▼
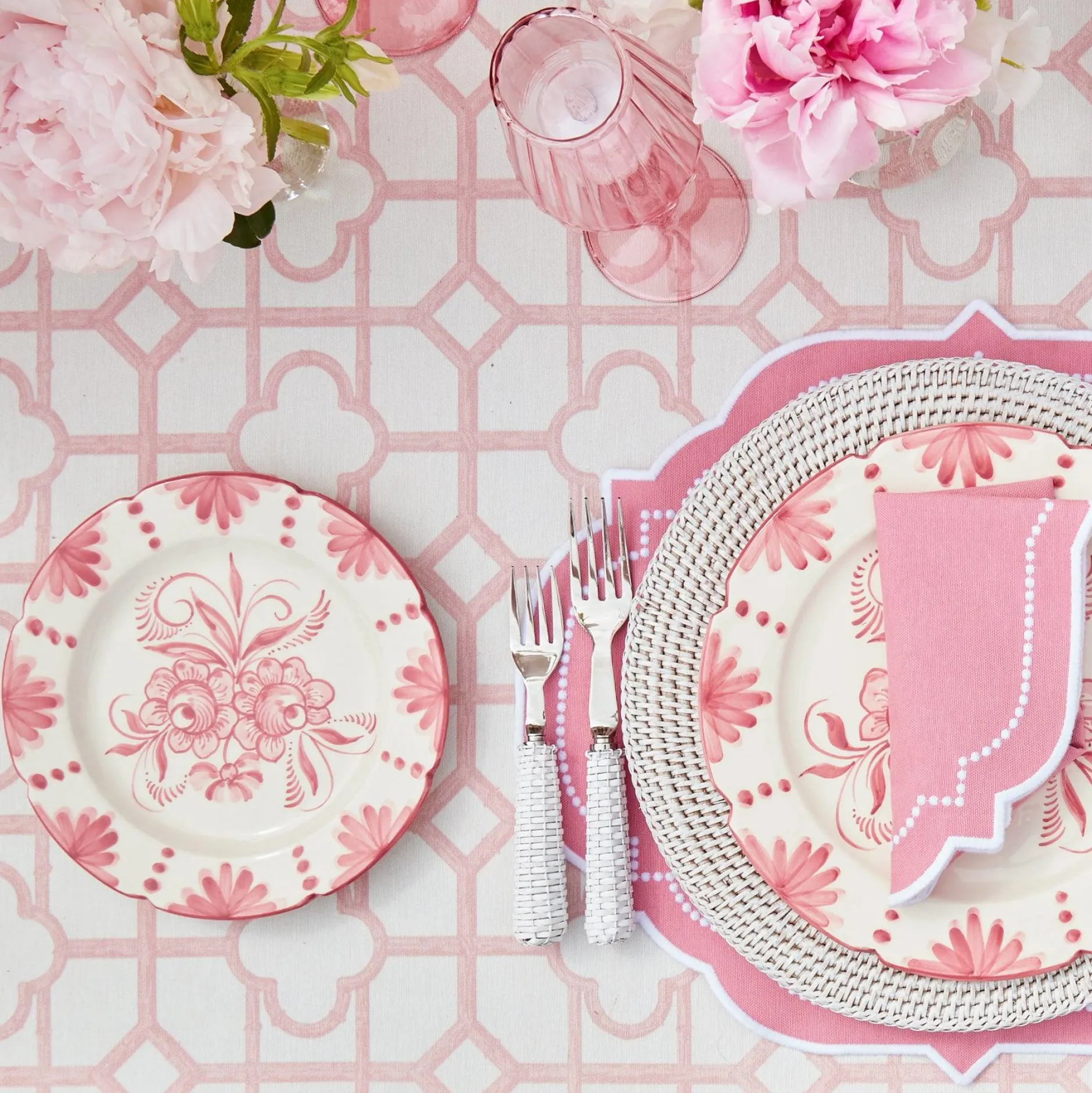 Best Mrs. Alice Amelie Pink Napkins (Set Of 4)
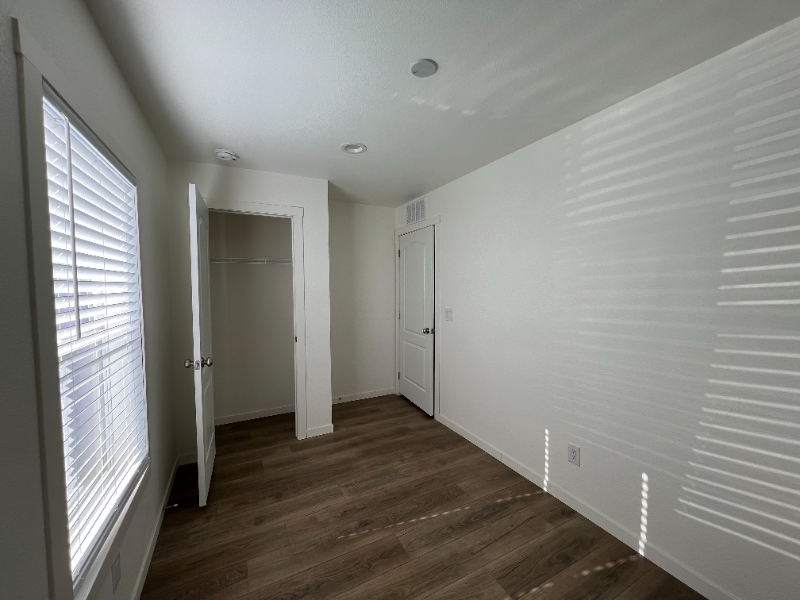 2000 E Frontier Ave #32 - Photo 2 of 10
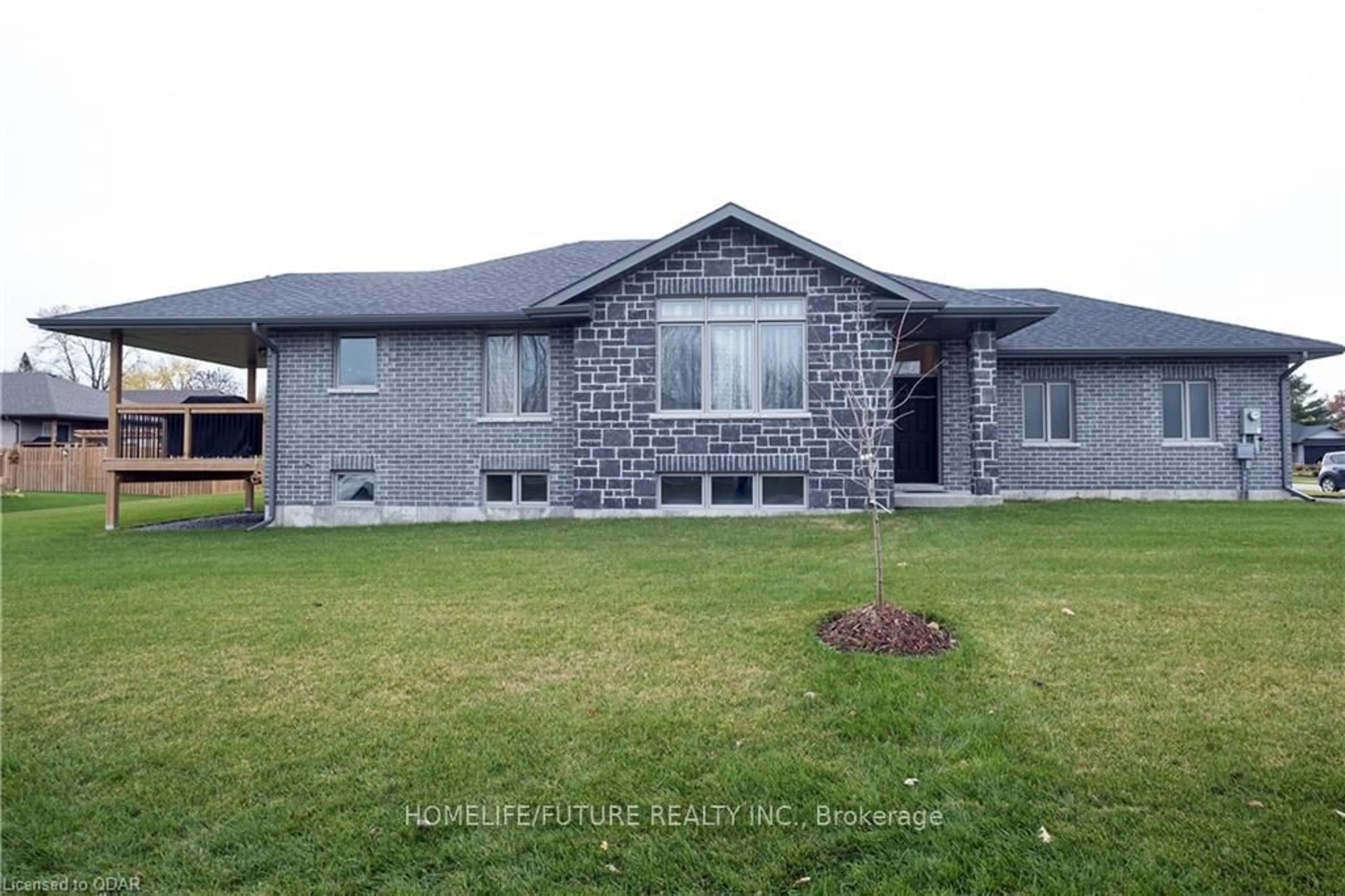 Home with brick exterior material, building for 43 Chelford Cres, Belleville Ontario K8N 4J8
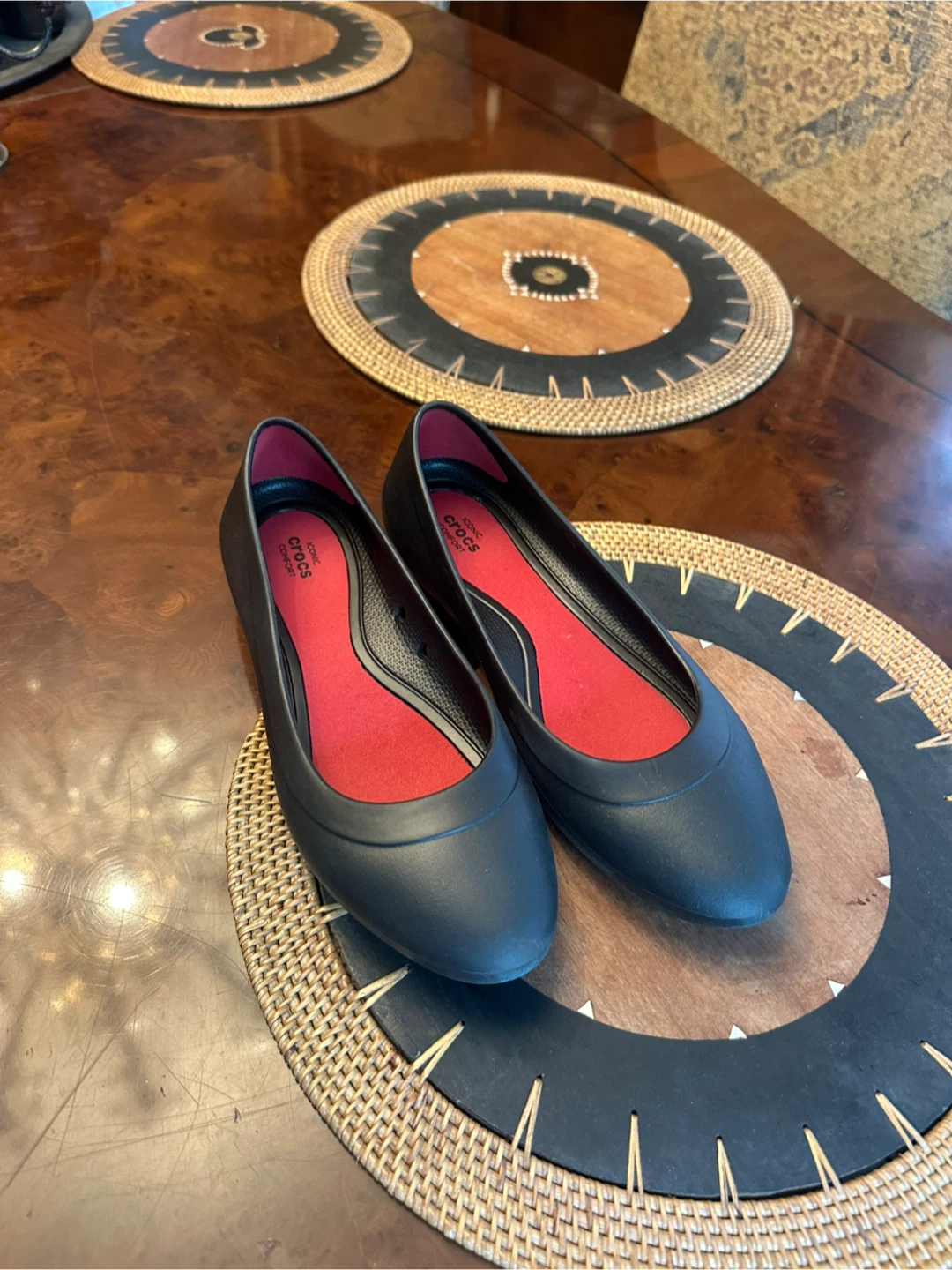 Crocs Black Flats Size W 8 - photo 3
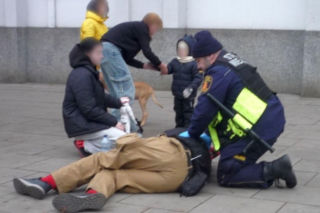 Ojciec walczył o życie na oczach przerażonych dzieci. Upadł na ulicy w Warszawie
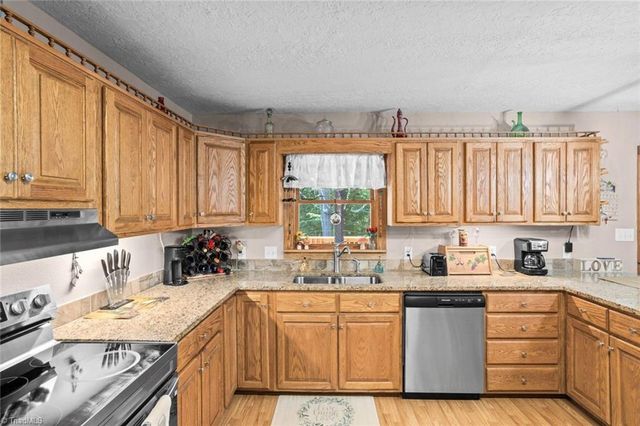 143 Mohegan Trail, Mocksville, NC 27028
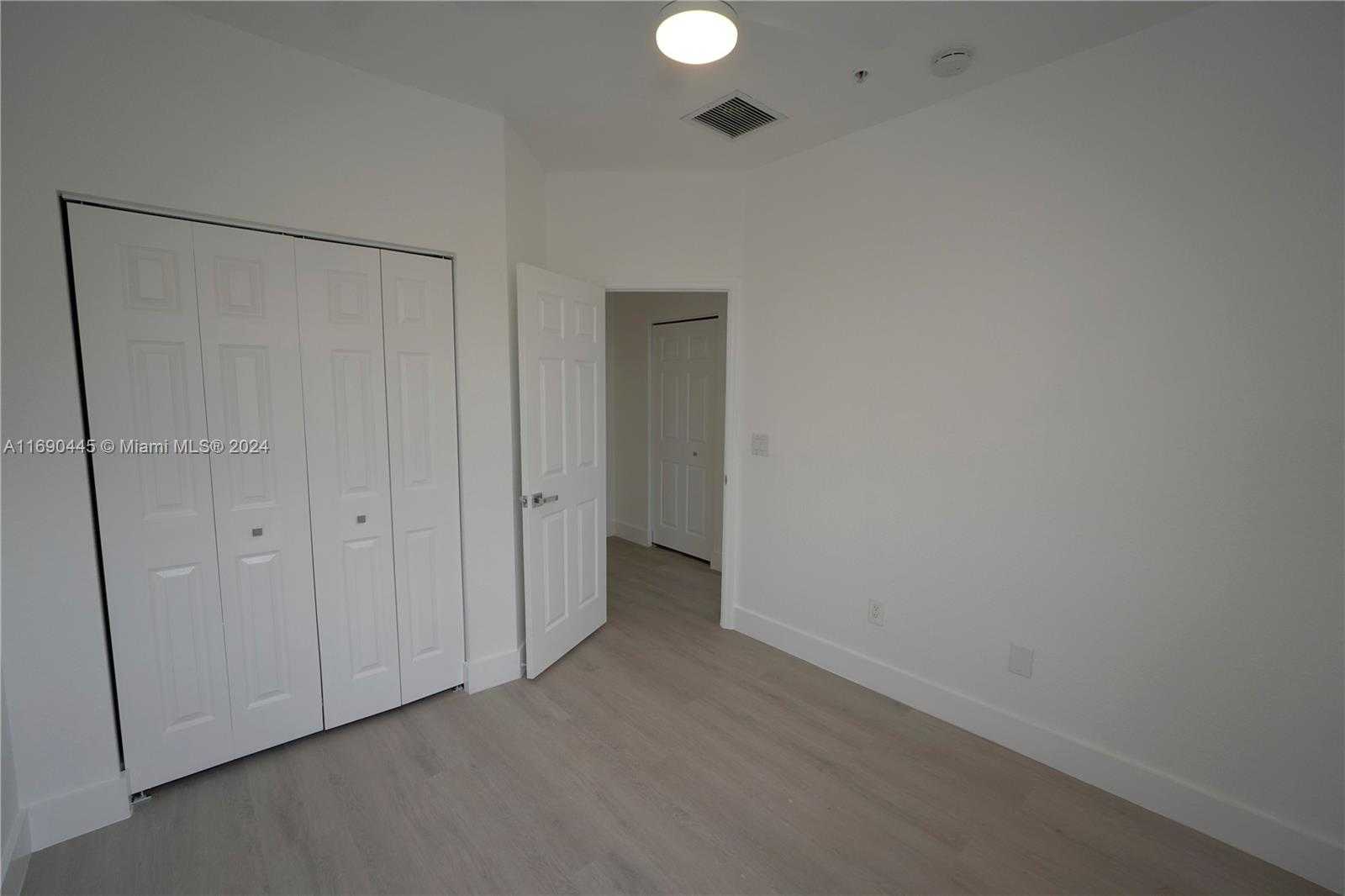 Small Image of 123 HARBORS WAY, Boynton Beach Number 24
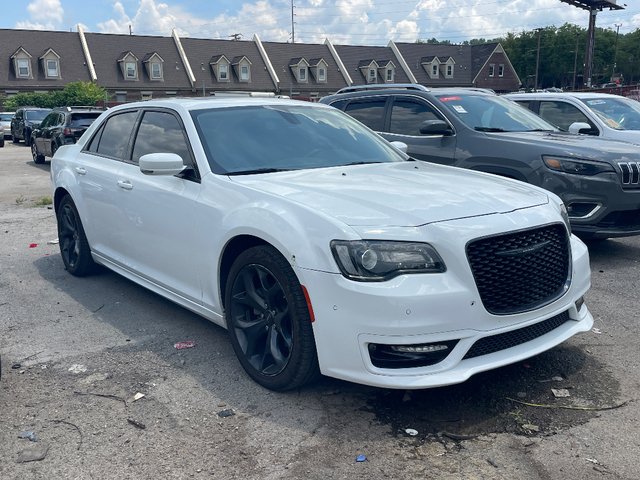 Pre-Owned 2023 Chrysler 300 Touring L RWD Sedan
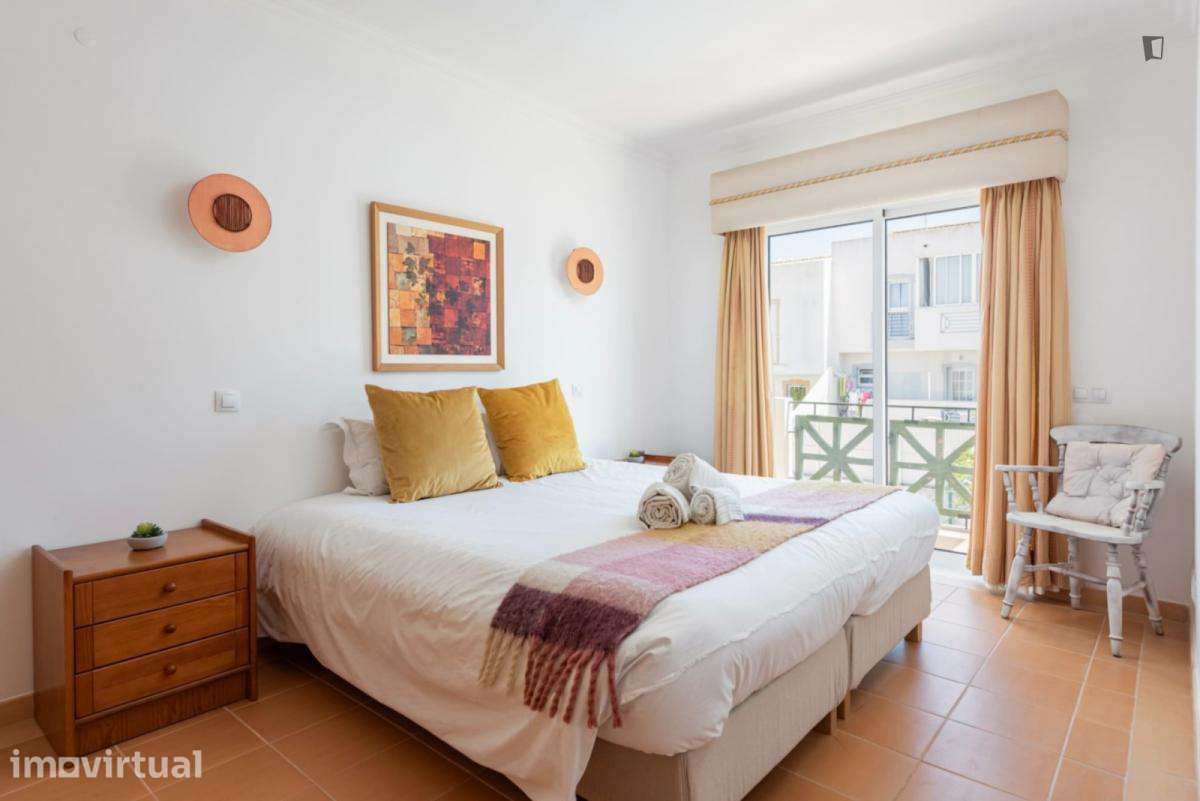 Casa com 3 quartos - localizado em Albufeira - Grande imagem: 2/12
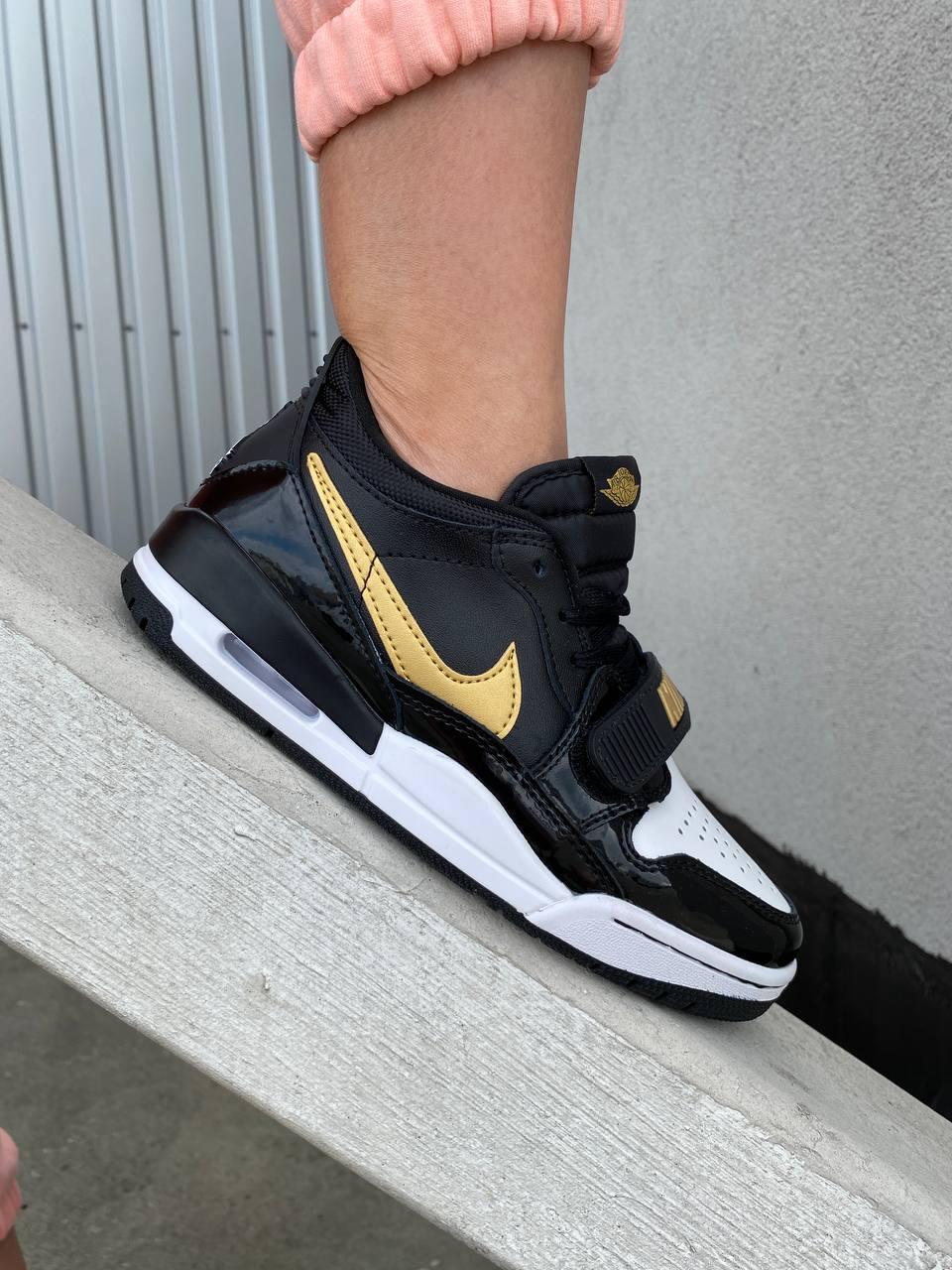 Jordan shop legacy gold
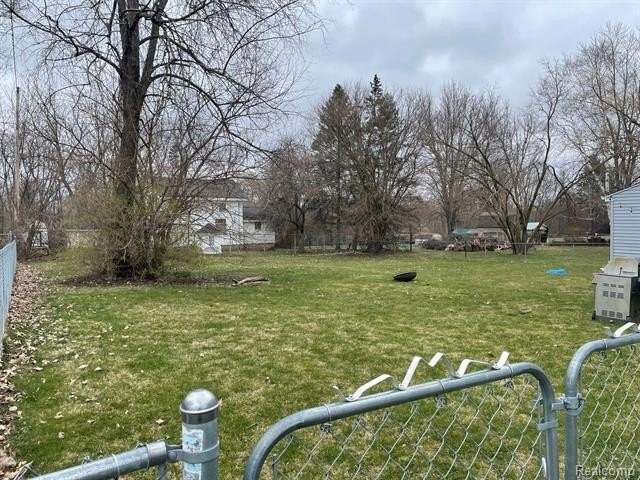 2434 N Long Lake Rd - Photo 2 of 20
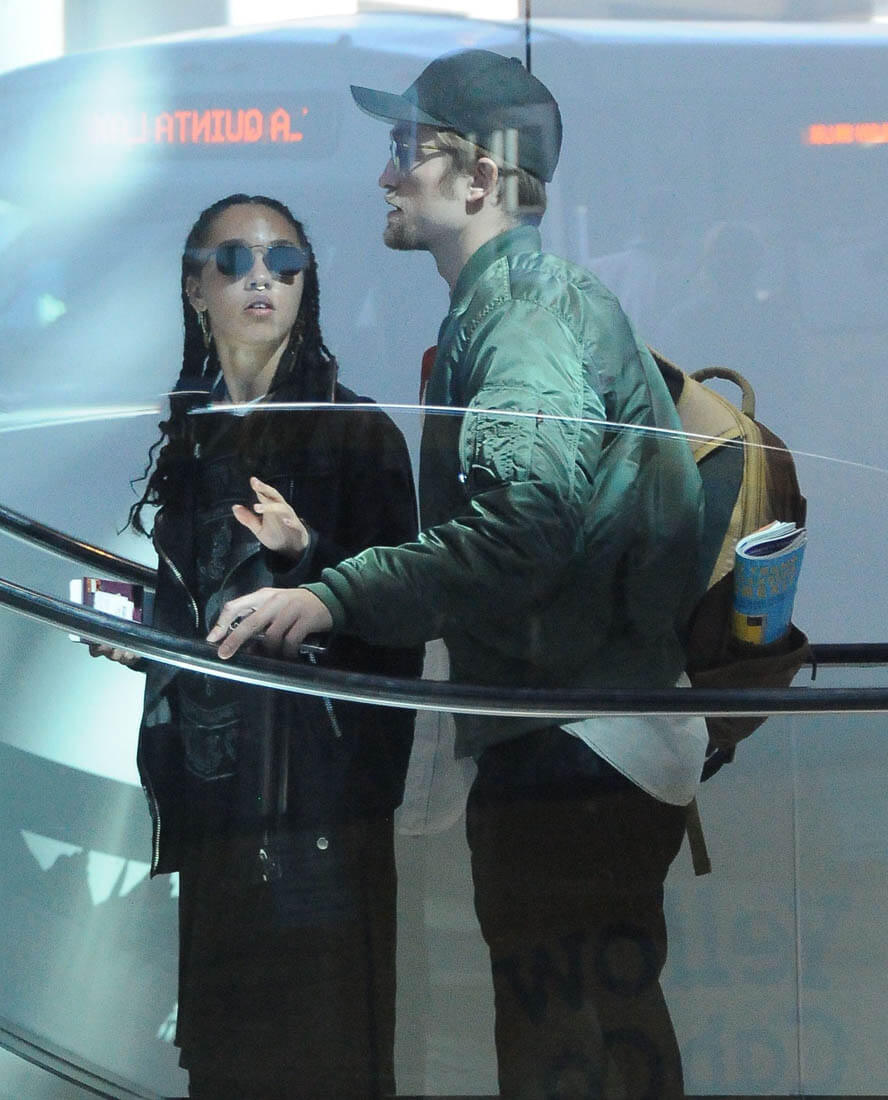 FKA twigs and Robert Pattinson leave LA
▲
EXERCISE REQUIREMENTS » Write out a verbatim copy of the lines from the line that contains "Small Image of" through the end of the entries above; pictures are not copied.

TASK RESULT »
 Small Image of 123 HARBORS WAY, Boynton Beach Number 24
 Pre-Owned 2023 Chrysler 300 Touring L RWD Sedan
 Casa com 3 quartos - localizado em Albufeira - Grande imagem: 2/12
 Jordan shop legacy gold
 2434 N Long Lake Rd - Photo 2 of 20
 FKA twigs and Robert Pattinson leave LA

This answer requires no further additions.